Research involving more than 40,000 US households showed a correlation between the degree of hearing loss and the reduction of personal income. According to the same research, hearing aids were shown to mitigate the impact of income loss by 90%–100% for those with milder hearing losses and from 65%–77% for those with severe to moderate hearing loss.

==Batteries==
While there are some instances that a hearing aid uses a rechargeable battery or a long-life disposable battery, the majority of modern hearing aids use one of five standard button cell zinc–air batteries. (Older hearing aids often used mercury battery cells, but these cells have become banned in most countries today.) Modern hearing aid button cell types are typically referred to by their common number name or the color of their packaging.

They are typically loaded into the hearing aid via a rotating battery door, with the flat side (case) as the positive terminal (cathode) and the rounded side as the negative terminal (anode).

These batteries all operate from 1.35 to 1.45 volts.
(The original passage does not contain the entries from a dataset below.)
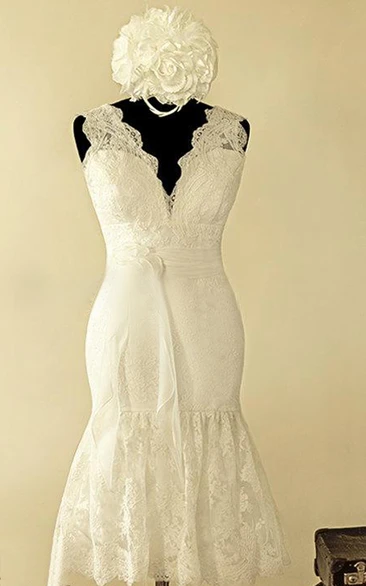 Scalloped Sleeveless Button Back Mermaid Lace Wedding Dress With Sash And Flower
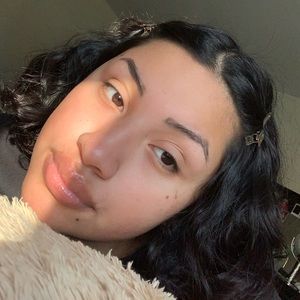 Meet your Posher, Lilybeth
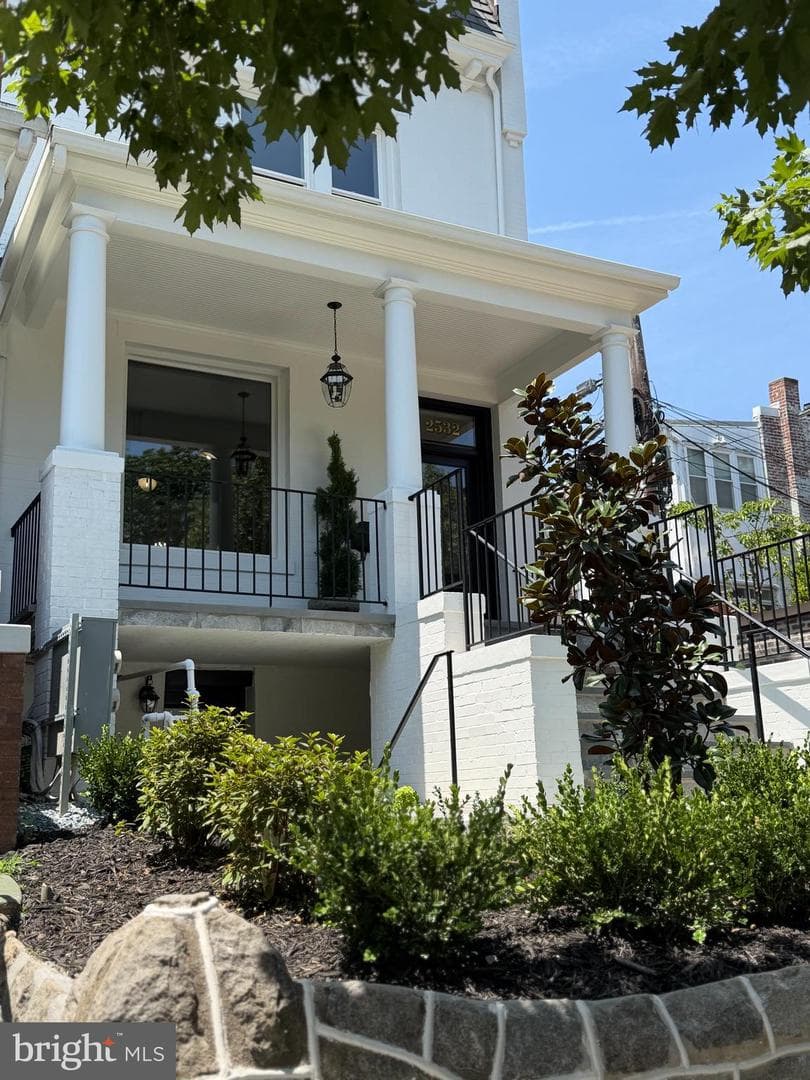 2532 12th Street NW photo 4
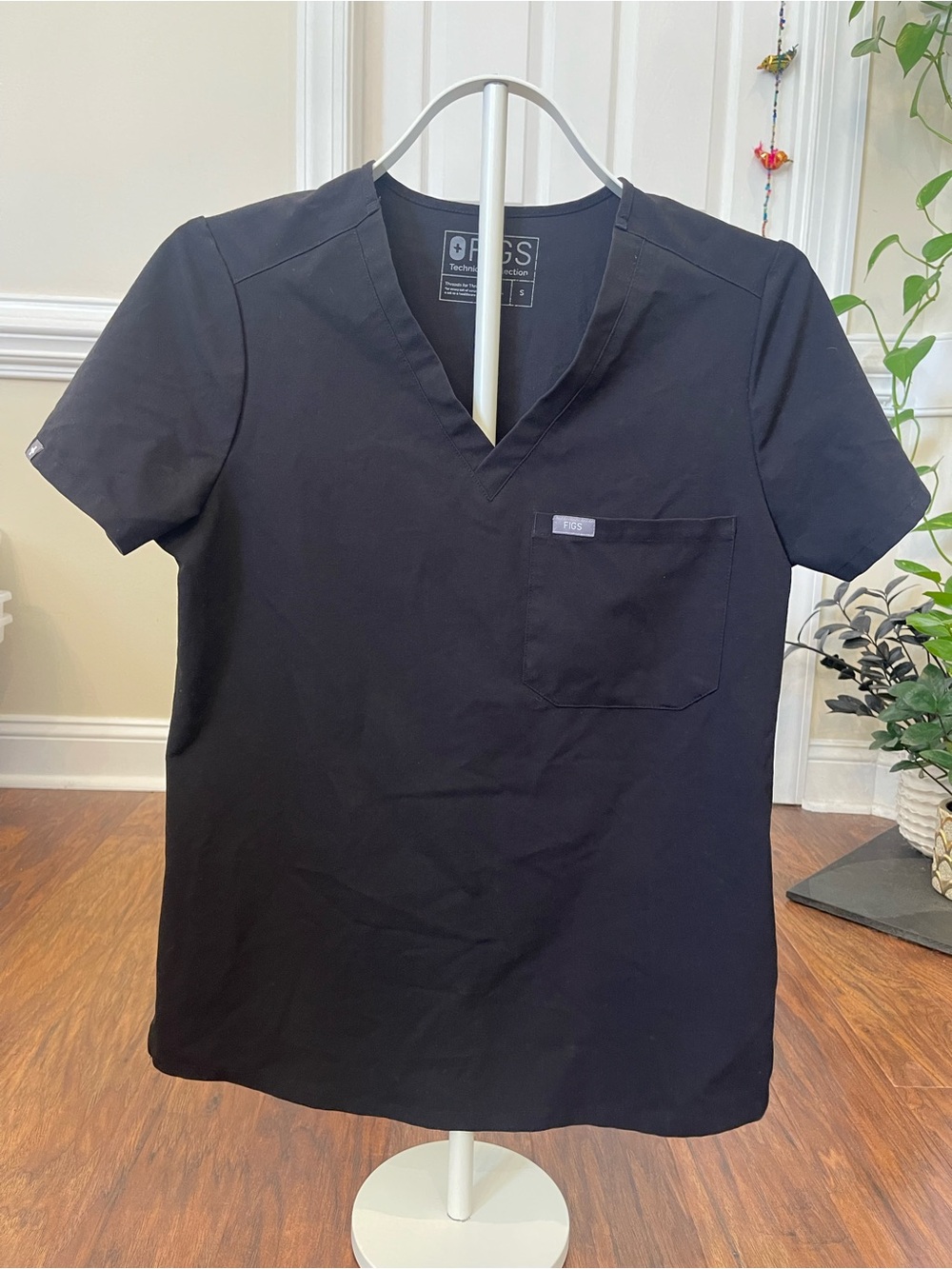 FIGS Catarina Scrub Top Black Size Small V‑Neck Chest Pocket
The type of battery a specific hearing aid utilizes depends on the physical size allowable and the desired lifetime of the battery, which is in turn determined by the power draw of the hearing aid device. Typical battery lifetimes run between 1 and 14 days (assuming 16-hour days).

Hearing Aid Battery Types
| Type/ Color Code | Dimensions (Diameter×Height) | Common Uses | Standard Names | Misc Names |
|---|---|---|---|---|
| 675 | 11.6 mm × 5.4 mm | High-Power BTEs, Cochlear implants | IEC: PR44, ANSI: 7003ZD | 675, 675A, 675AE, 675AP, 675CA, 675CP, 675HP, 675HPX, 675 Implant Plus, 675P (HP), 675PA, 675SA, 675SP, A675, A675P, AC675, AC675E, AC675E/EZ, AC675EZ, AC-675E, AP675, B675PA, B6754, B900PA, C675, DA675, DA675H, DA675H/N, DA675N, DA675X, H675AE, L675ZA, ME9Z, P675, P675i+, PR44, PR44P, PR675, PR675H, PR675P, PR-675PA, PZ675, PZA675, R675ZA, S675A, V675, V675A, V675AT, VT675, XL675, Z675PX, ZA675, ZA675HP |
| 13 | 7.9 mm × 5.4 mm | BTEs, ITEs | IEC: PR48, ANSI: 7000ZD | 13, 13A, 13AE, 13AP, 13HP, 13HPX, 13P, 13PA, 13SA, 13ZA, A13, AC13, AC13E, AC13E/EZ, AC13EZ, AC-13E, AP13, B13BA, B0134, B26PA, CP48, DA13, DA13H, DA13H/N, DA13N, DA13X, E13E, L13ZA, ME8Z, P13, PR13, PR13H, PR-13PA, PZ13, PZA13, R13ZA, S13A, V13A, VT13, V13AT, W13ZA, XL13, ZA13 |
| 312 | 7.9 mm × 3.6 mm | miniBTEs, RICs, ITCs | IEC: PR41, ANSI: 7002ZD | 312, 312A, 312AE, 312AP, 312HP, 312HPX, 312P, 312PA, 312SA, 312ZA, AC312, AC312E, AC312E/EZ, AC312EZ, AC-312E, AP312, B312BA, B3124, B347PA, CP41, DA312, DA312H, DA312H/N, DA312N, DA312X, E312E, H312AE, L312ZA, ME7Z, P312, PR312, PR312H, PR-312PA, PZ312, PZA312, R312ZA, S312A, V312A, V312AT, VT312, W312ZA, XL312, ZA312 |
| 10 | 5.8 mm × 3.6 mm | CICs, RICs | IEC: PR70, ANSI: 7005ZD | 10, 10A, 10AE, 10AP, 10DS, 10HP, 10HPX, 10SA, 10UP, 20PA, 230, 230E, 230EZ, 230HPX, AC10, AC10EZ, AC10/230, AC10/230E, AC10/230EZ, AC230, AC230E, AC230E/EZ, AC230EZ, AC-230E, AP10, B0104, B20BA, B20PA, CP35, DA10, DA10H, DA10H/N, DA10N, DA230, DA230/10, L10ZA, ME10Z, P10, PR10, PR10H, PR230H, PR536, PR-10PA, PR-230PA, PZA230, R10ZA, S10A, V10, VT10, V10AT, V10HP, V230AT, W10ZA, XL10, ZA10 |
| 5 | 5.8 mm × 2.1 mm | CICs | IEC: PR63, ANSI: 7012ZD | 5A, 5AE, 5HPX, 5SA, AC5, AC5E, AP5, B7PA, CP63, CP521, L5ZA, ME5Z, P5, PR5H, PR-5PA, PR521, R5ZA, S5A, V5AT, VT5, XL5, ZA5 |

== Research ==
Research is also pointing towards hearing aids and proper amplification as a treatment for tinnitus, a medical condition which manifests itself as a ringing or buzzing in the ears.

== In pop culture ==
In the Peppa Pig episode Hearing Test, George is given hearing aids.